Don’t let my photograph, which makes it look like brown glop on spaghetti, put you off. It tastes much better than the photograph would have you think, trust me. It would have been much more handsome served in individual bowls…maybe with thicker noodles. I’ll just have to play with it.

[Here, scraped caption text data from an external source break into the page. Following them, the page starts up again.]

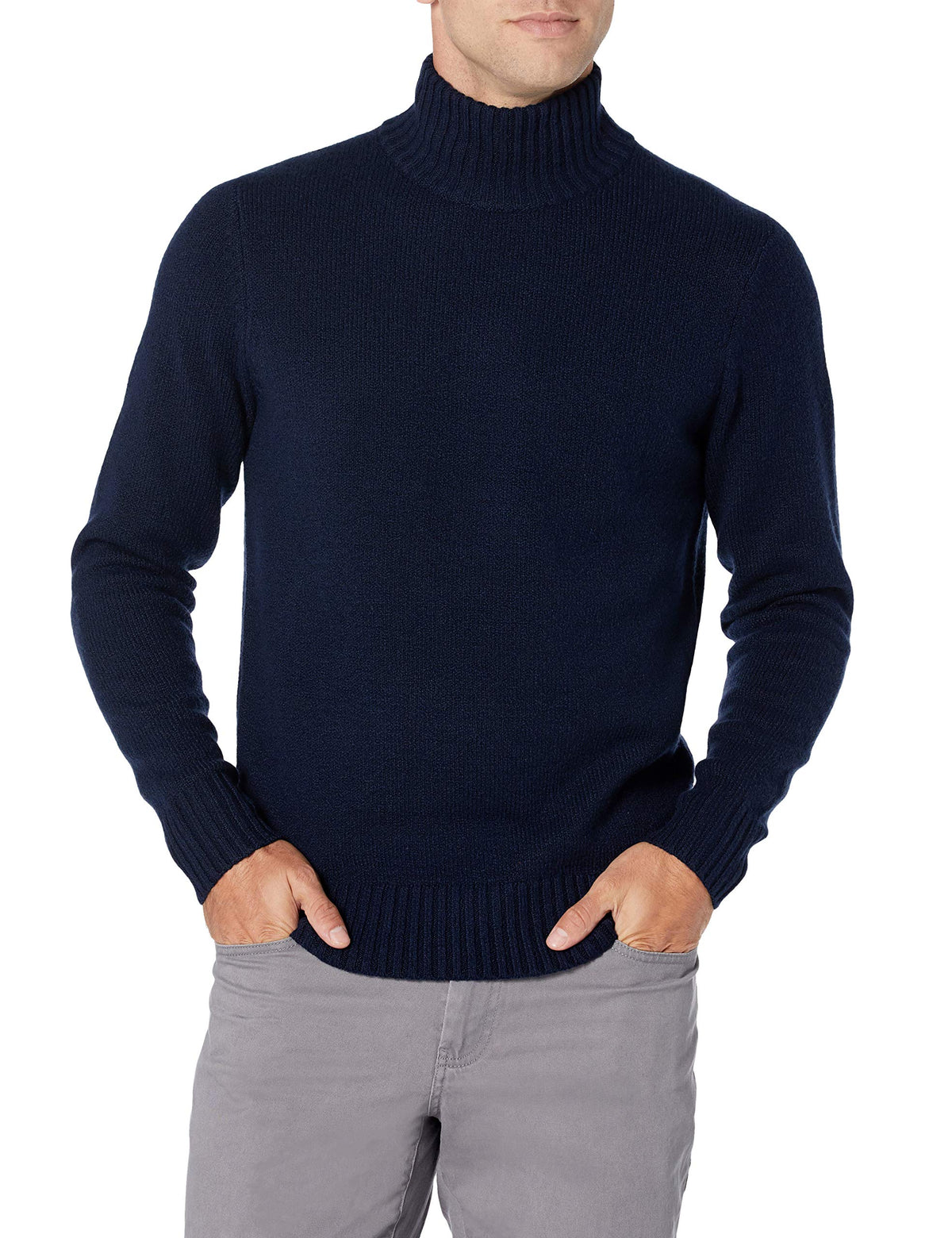 Amazon Essentials - Suéter de manga larga con cuello alto suave al tacto, para hombre, color azul marino, talla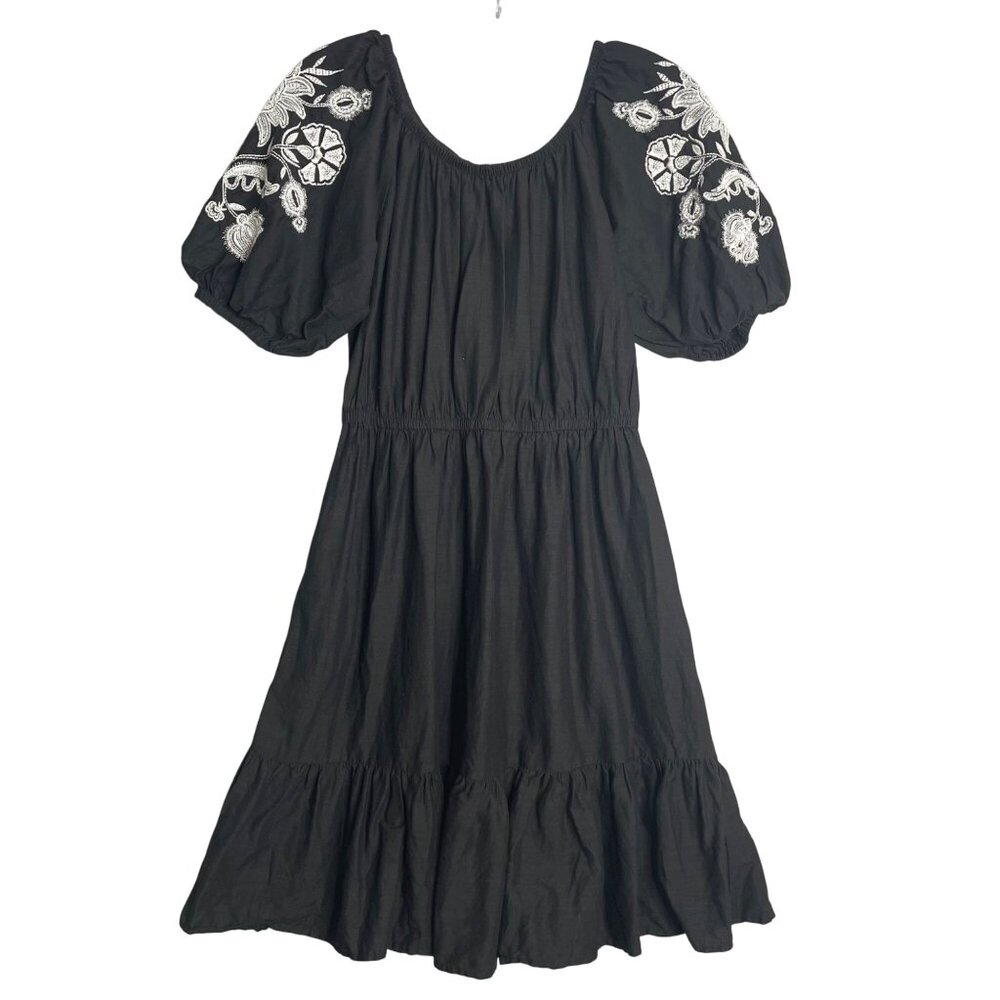 Knox Rose Dress Black Womens‎ XS Puff Sleeve Embroidered Floral Ruffle Boho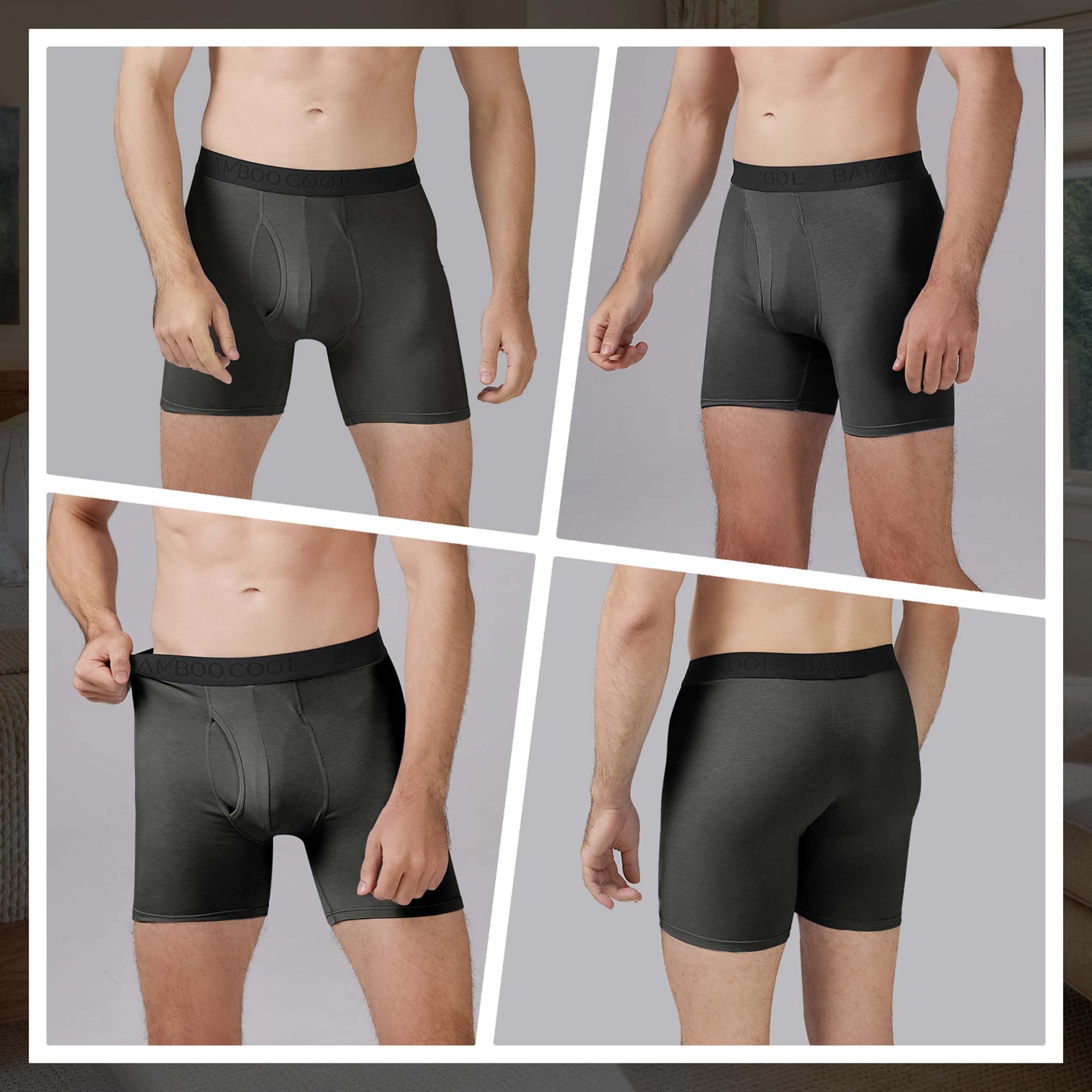 BAMBOO COOL Men's Underwear Breathable Boxer Briefs with Fly Moisture-Wicking Lightweight Underwear 7-Pack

Five Spice Pork with Chinese Egg Noodles
- 3/4 cup peanuts
- 4-5 thick slices of bacon
- 3 medium cloves of garlic
- One 3″ piece of ginger
- 3/4 tsp red pepper flakes
- 1/3 cup canola oil
- 1 1/4 lbs ground pork
- 3/4 tsp five-spice powder
- 5 scallions, thinly sliced, white ends separated from green tops
- 3 tbsp soy sauce
- 1 1/2 tbsp Worcestershire sauce
- 1 1/2 tbsp dark Asian sesame oil
- 3 tsp white vinegar
- 1 1/2 tsp sugar
- 1 1/4 lbs fresh Chinese egg noodles
- Bring a large pot of water to the boil and salt.
- Into a small bowl, combine the soy sauce, Worcestershire, sesame oil, vinegar, and sugar. Set aside.
- As the water is heating, start chopping. If you want this to be really fast, use your food processor.
- First roughly chop the nuts; if using the processor, pulse. Set aside.
- Then, cut the bacon into 1″ pieces and roughly chop the garlic and ginger. Put the bacon, garlic, ginger and red pepper flakes into the food processor and pulse until finely chopped.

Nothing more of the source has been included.